(Reuters) - A bid by Africa Cup of Nations hosts Ivory Coast to get former coach Herve Renard back on their bench to take charge of the rest of their campaign at the tournament has been turned down, French media reports said on Friday.
Renard is the coach of the French women’s team and permission had been sought of the French football federation by the Ivorians to "loan" the 55-year-coach for the tournament.
Frenchman Renard is a two-time Cup of Nations winner, coaching outsiders Zambia to the title in 2012 when they edged the Ivorians on post-match penalties in the final, and the Ivory Coast in 2015 when they beat Ghana in the decider.

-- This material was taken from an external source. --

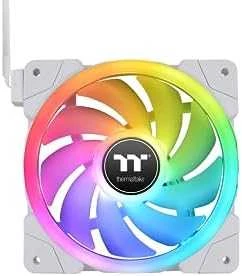 Thermaltake TT SWAFAN EX12 RGB Fan Premium 3er wh CL-F161-PL12SW-A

He is the only coach to win the African championship with two different countries and had been in Abidjan watching the early stages of this year’s tournament as a guest of the Ivorian government.
Ivory Coast, who many had expected to be a force at the tournament, limped into the last-16 as one of four best third-placed finishers despite a humiliating 4-0 loss to tiny Equatorial Guinea in the heaviest defeat suffered by a host nation in the tournament's history.
They fired coach Jean-Louis Gasset, a former France assistant under Laurent Blanc, and put ex-international Emerse Fae in charge in the interim but were hoping Renard would ride to their rescue.
According to L'Equipe, the Ivorian federation had approach Renard and while he was "not insensitive to this call from the Ivorians" he needed the agreement of the French federation, who refused.
Neither the Ivorian nor French federation made any public statement on the matter.
Ivory Coast met holders Senegal in the last-16 at Yamoussoukro on Monday.